Give the data below again exactly, and drop each picture from it.

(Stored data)
* * * * * * *
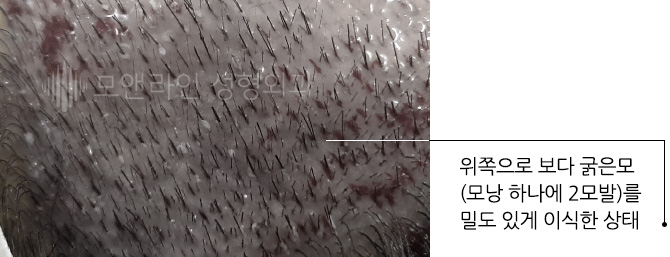 위쪽으로 보다 굵은모(모낭 하나에 2모발)를 밀도 있게 이식한 상태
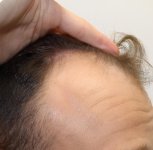 hair transplant in turkey.jpg hair transplant in turkey.jpg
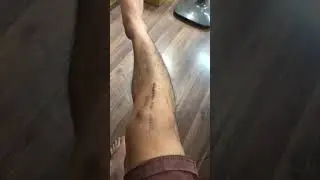 Vỡ Xương B&aacute;nh Ch&egrave; Sau 10 Th&aacute;ng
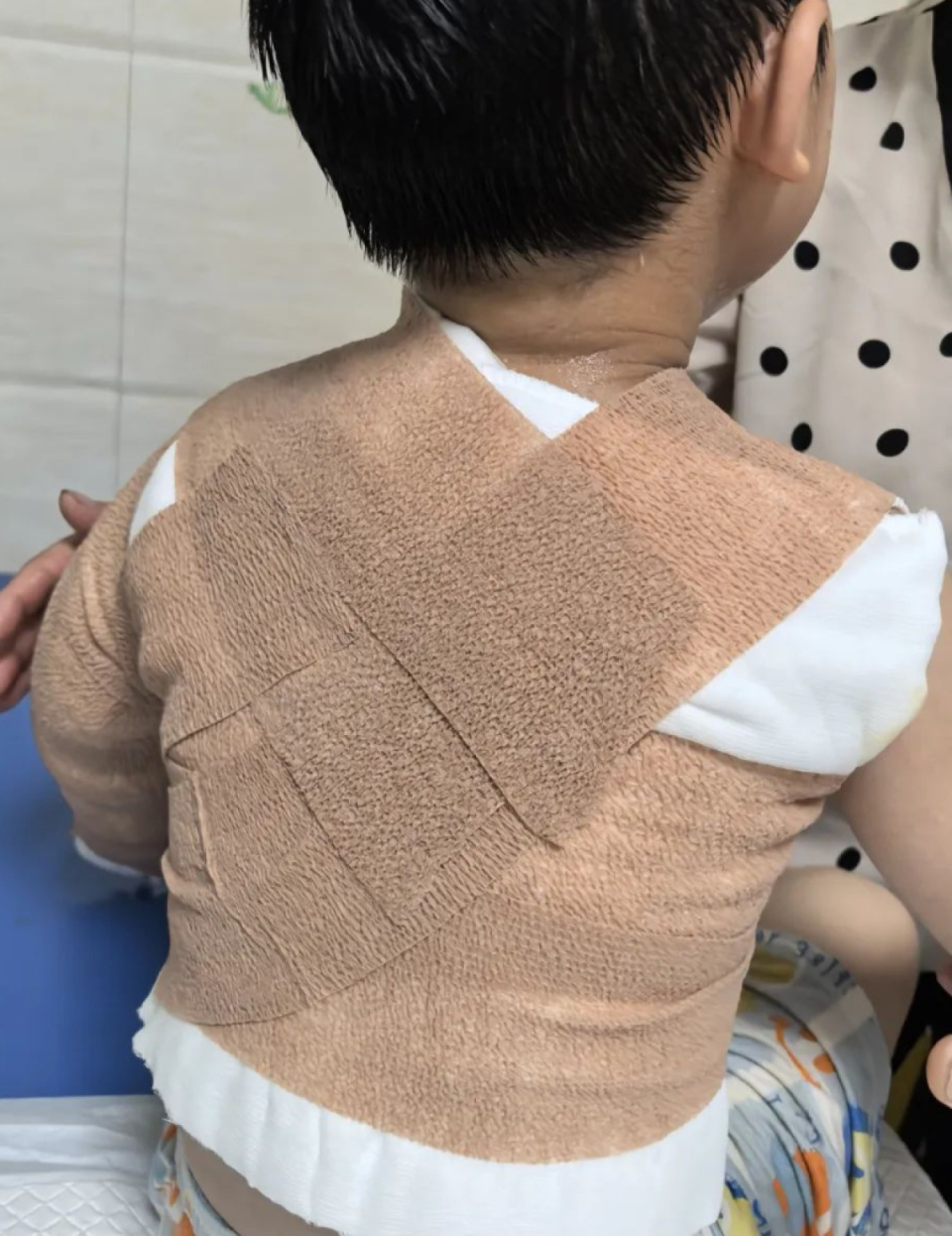 炎炎夏日儿童烫伤高发！河南省儿童医院医生
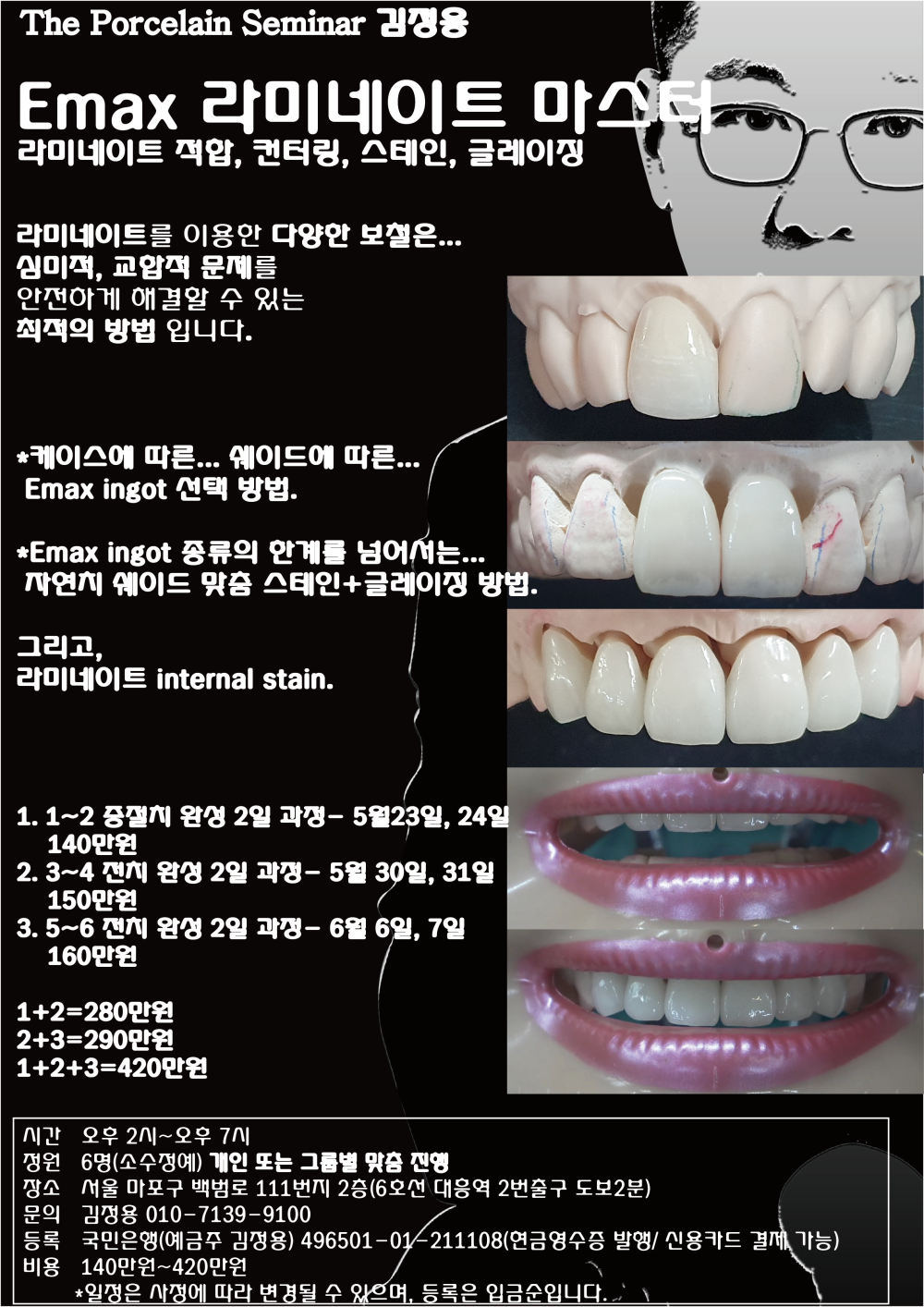 김정용_7.Emax 라미네이트 마스터.jpg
* * * * * * *
▸ **Written response**:
 위쪽으로 보다 굵은모(모낭 하나에 2모발)를 밀도 있게 이식한 상태
 hair transplant in turkey.jpg hair transplant in turkey.jpg
 Vỡ Xương B&aacute;nh Ch&egrave; Sau 10 Th&aacute;ng
 炎炎夏日儿童烫伤高发！河南省儿童医院医生
 김정용_7.Emax 라미네이트 마스터.jpg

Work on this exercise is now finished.